A relevância das sondagens
É certo que as sondagens a nível nacional são um indicador geral das intenções de voto, mas a sua significância e objetividade é relativamente baixa dado o sistema eleitoral americano. Um candidato pode até conseguir mais votos e mesmo assim perder a eleição. Veja-se o caso recente de 2016, onde Hillary Clinton obteve mais três milhões de votos que Donald Trump e acabou por não ser eleita para a Sala Oval.
Posto isto, as sondagens que permitem analisar e fazer previsões com um certo rigor são aquelas que discriminam os Estados de forma isolada, principalmente nos decisivos ‘swing states’ e ‘battleground states’.
Dias antes de Biden anunciar a sua desistência, as sondagens nestes Estados apresentavam Trump à frente com uma margem confortável, sendo que os números em dois dos mais importantes – a Pensilvânia e a Geórgia – e que decidiram as duas últimas eleições, são também altamente favoráveis ao ex-Presidente.
Para além disto, Trump está com valores bastante significativos em Estados tendencialmente democratas. É o caso da Virgínia, onde o Partido Republicano conseguiu pela última vez os treze votos em 2004 com George W. Bush.
Há ainda outro aspeto de incontornável importância a ser considerado: o impacto dos acontecimentos só começa a ser realmente verificado nas sondagens após duas semanas, significando isto que a tentativa de assassinato contra Trump e a Convenção Nacional Republicana só agora começam a ter um peso considerável nos inquéritos. Faz, então, pouco sentido assumir que as sondagens já refletem de forma precisa a desistência de Biden e a consequente nomeação (ainda não oficial) de Harris.
Assim, pressupor que Kamala é a favorita através da sondagem de quarta-feira – mesmo havendo outras sondagens que dão Trump na dianteira – é impreciso e pode ter apenas fins estratégicos, uma vez que ainda não foi oficialmente nomeada nem escolheu o seu candidato para a vice-presidência – algo que pode também ter impacto nas intenções de voto.
As possíveis escolhas de Kamala
A escolha do parceiro na corrida à Casa Branca é uma das decisões mais importantes no processo eleitoral. Kamala Harris tem um leque de opções que podem ser tomadas consoante a necessidade.
Entre os nomes que estão em cima da mesa há dois que inevitavelmente se destacam: o senador Mark Kelly e o governador da Pensilvânia Josh Shapiro.
O primeiro, que representa o Estado do Arizona no Senado, foi astronauta na NASA e piloto da marinha americana, carregando consigo, ao mesmo tempo, um aspeto importante: a sua esposa foi alvejada em 2011 e, daí em diante, o casal tornou-se ativista no que à segurança de armas diz respeito – uma das bandeiras agregadoras do eleitorado democrata. Também o facto de ser senador de um dos Estados decisivos pode aumentar a possibilidade de vitória no Arizona.

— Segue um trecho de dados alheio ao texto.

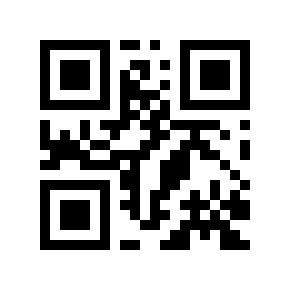 QR code 747066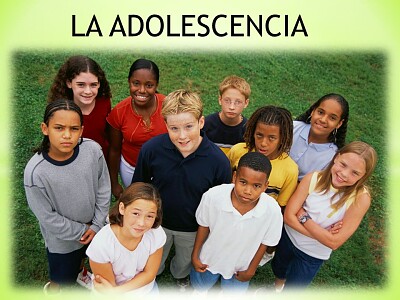 Adolescencia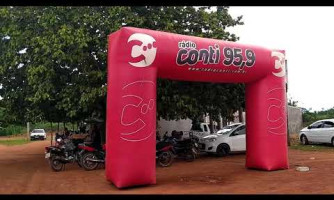 Projeto Café e Viola retorna com grande evento realizado na Comunidade Seringal em Vila Bela da Santíssima Trindade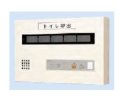インターホン アイホン　CBN-1C　ビジネスシステム 表示器 1窓用 [∽]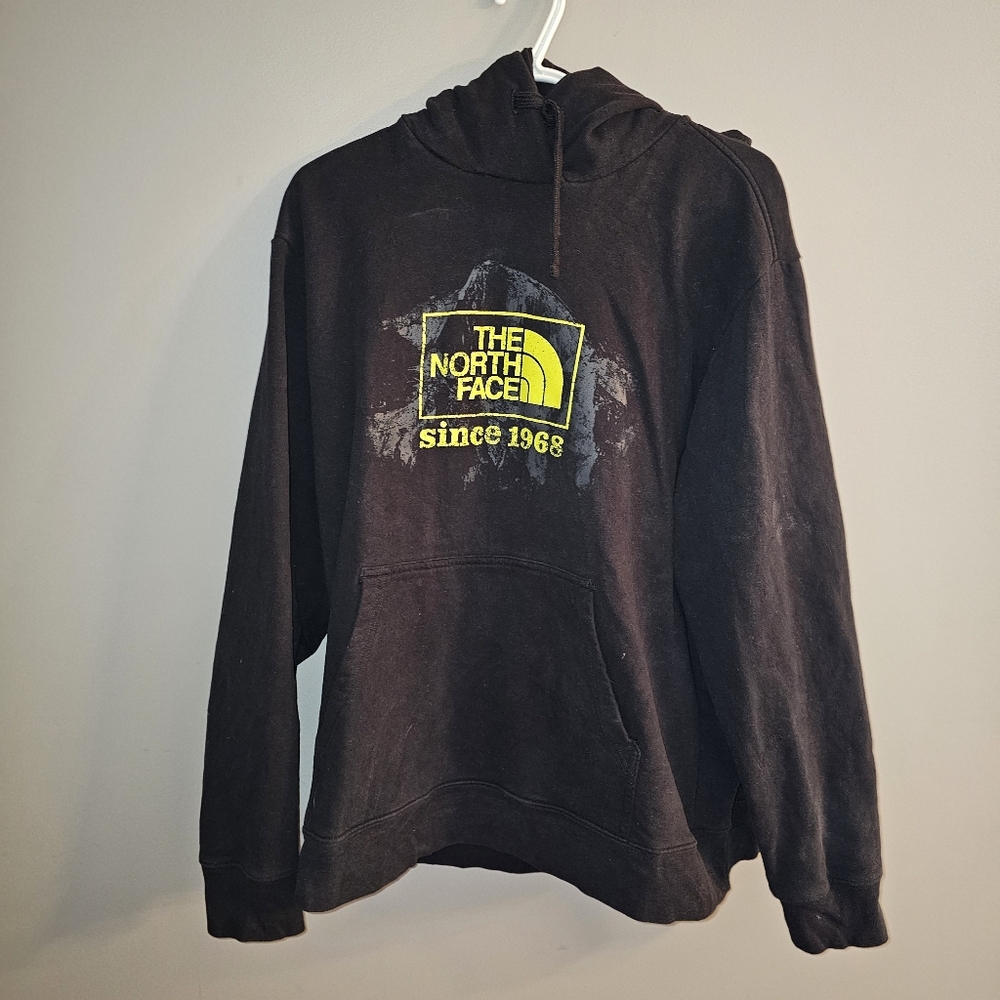 The North Face Hoodie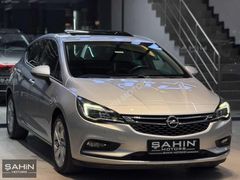 ŞAHİN MOTORS|2019 ASTRA DYNAMIC 1.6CDTI BOYASIZ SUNROOF 64BİNKM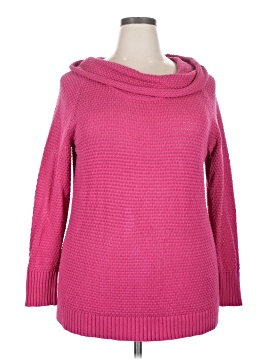 Gap Outlet Pullover Sweater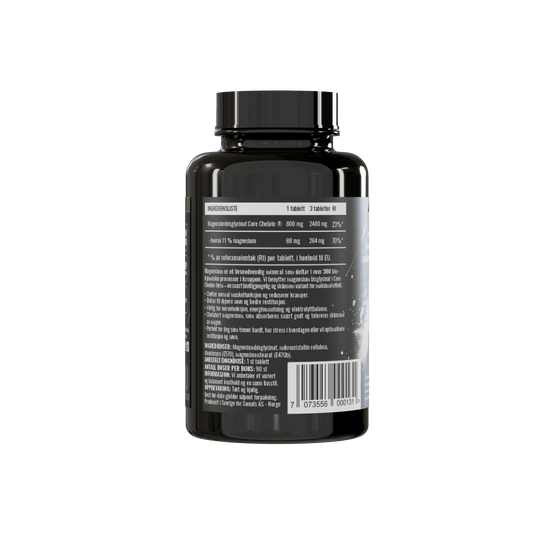 UNL Magnesiumbisglycinat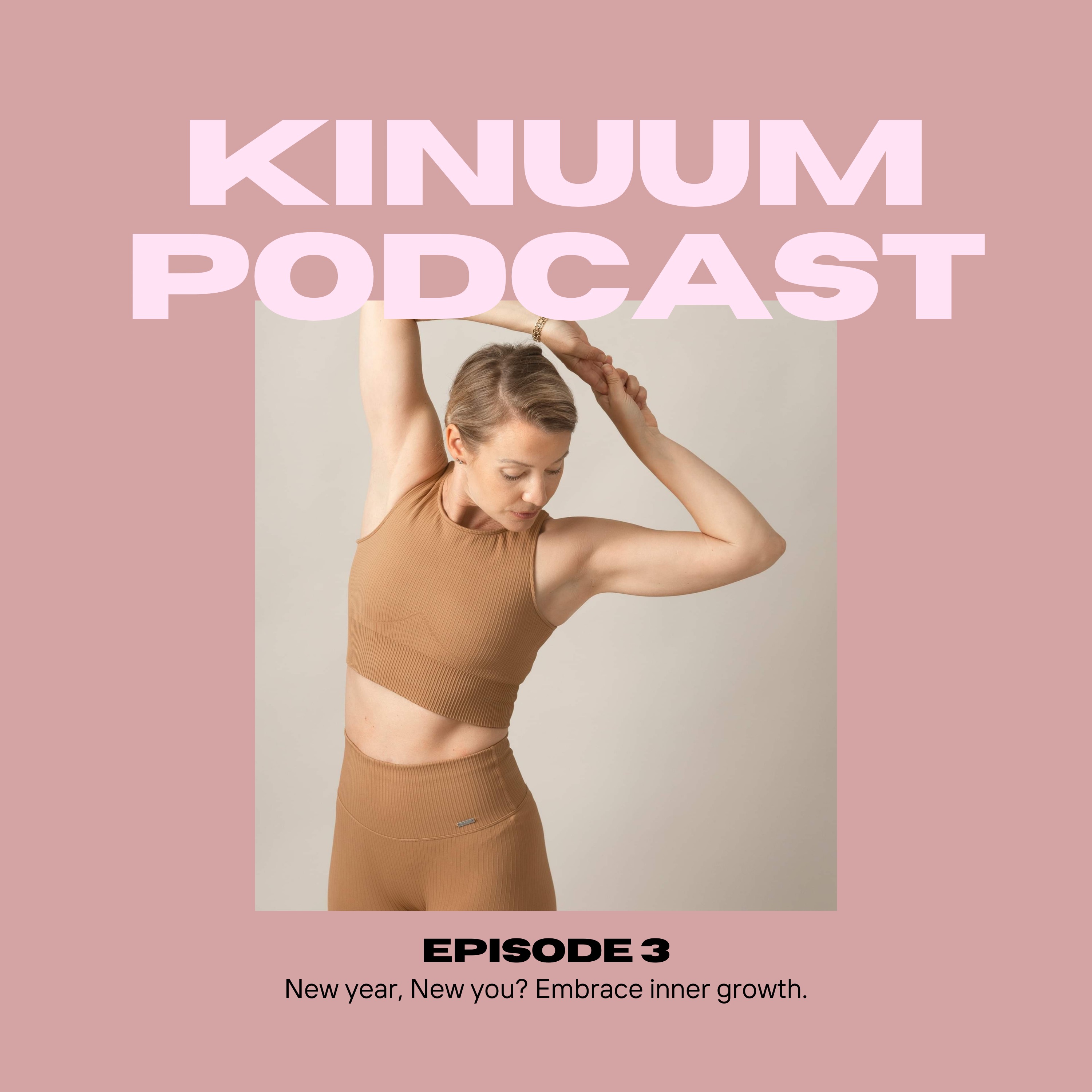 New Year, New You? episode artwork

Também Shapiro, governador de outro Estado bastante importante, pode ser escolhido de modo a aumentar as hipóteses dos democratas na Pensilvânia. É de salientar que Josh Shapiro ficou à frente tanto de Hillary Clinton como de Joe Biden neste Estado, o que o torna automaticamente num ativo eleitoral para Kamala Harris, que não se pode dar ao luxo de perder a Pensilvânia.
Andy Beshear, Gretchen Whitmer e J.B. Pritzker constam da lista de possíveis escolhas, ainda que sejam pouco prováveis.
Com a desistência de Biden, o Partido Democrata demonstrou que realmente tentou encobrir a incapacidade física e cognitiva do Presidente – que ontem se dirigiu ao país, ainda que não especificando o porquê do abandono nem como pretende continuar à frente dos EUA – e agora, num momento em que as previsões eram tudo menos favoráveis, optou por forçar a sua saída.
Com isto, Kamala Harris não teve de passar pelo processo das primárias que normalmente provoca um desgaste político significativo.
Num momento delicado e desafiante para o Ocidente, as próximas presidenciais americanas serão decisivas para o rumo do país… e do mundo.